Thursday, April 11, 2013

Impact of E-Commerce’s on shopping malls

Torp Shopping Mall, Uddevalla
In his paper "Electronic Commerce’s Impact on Malls" Tobias Rönnberg Halvorsen, department of Real Estate and Construction Management at the Centre for Banking and Finance, Royal Institute of Technology, KTH, in Stockholm investigates the impact of e-commerce on shopping malls and how shopping malls should adapt to e-commerce in the future.

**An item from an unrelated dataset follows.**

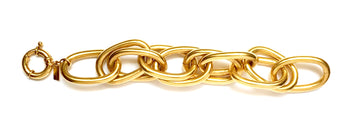 Le bracelet Monceau imposant, dont la légèreté vous surprendra est réalisé en laiton doré patiné. Fait main à paris. Il existe en laiton plaqué or, argent et avec de la jaspe.  Dimension : Longueur 18 cm Les traces noires sur les maillons sont une patine fait à la main, afin de donner un aspect vintage. Ils peuvent être nettoyer à l'aide d'un chiffon doux.r Perrine Taverniti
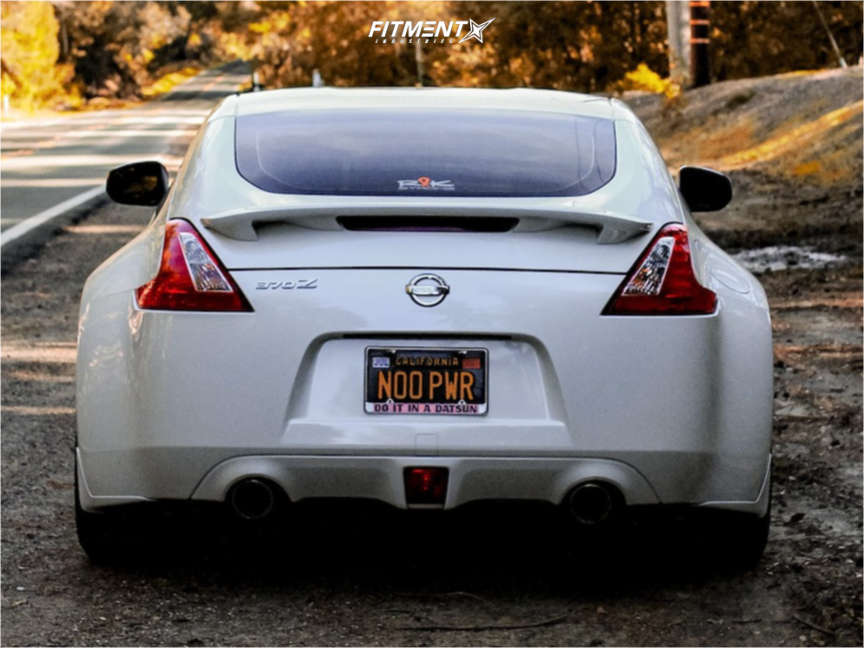 2011 Nissan 370Z Base with 18x10 Gram Lights 57dr and Yokohama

The author describes the the expansion of malls in Sweden where the number of malls has doubled in the last 15 years. In 2011 Swedish malls had revenues of over 622 billion SEK which approximately corresponds to 30 per cent of the entire retail market. Parallel to this development, Swedish e-commerce established itself on the market in the mid 90’s and started growing at the beginning of the new millennium. In 2003, e-commerce constituted about 1 per cent of the Swedish retail market. In 2011 the figure was 5 per cent. Even during the latest financial crisis e-commerce has continued to grow. According to the author e-commerce does not affect malls to any greater extent so far, because e-commerce is still a relatively small part of the retail market. But this might change over time if e-commerce will continue to grow. Malls should therefore start planning for a response and identify Internet and e-commerce as a complement and business opportunity.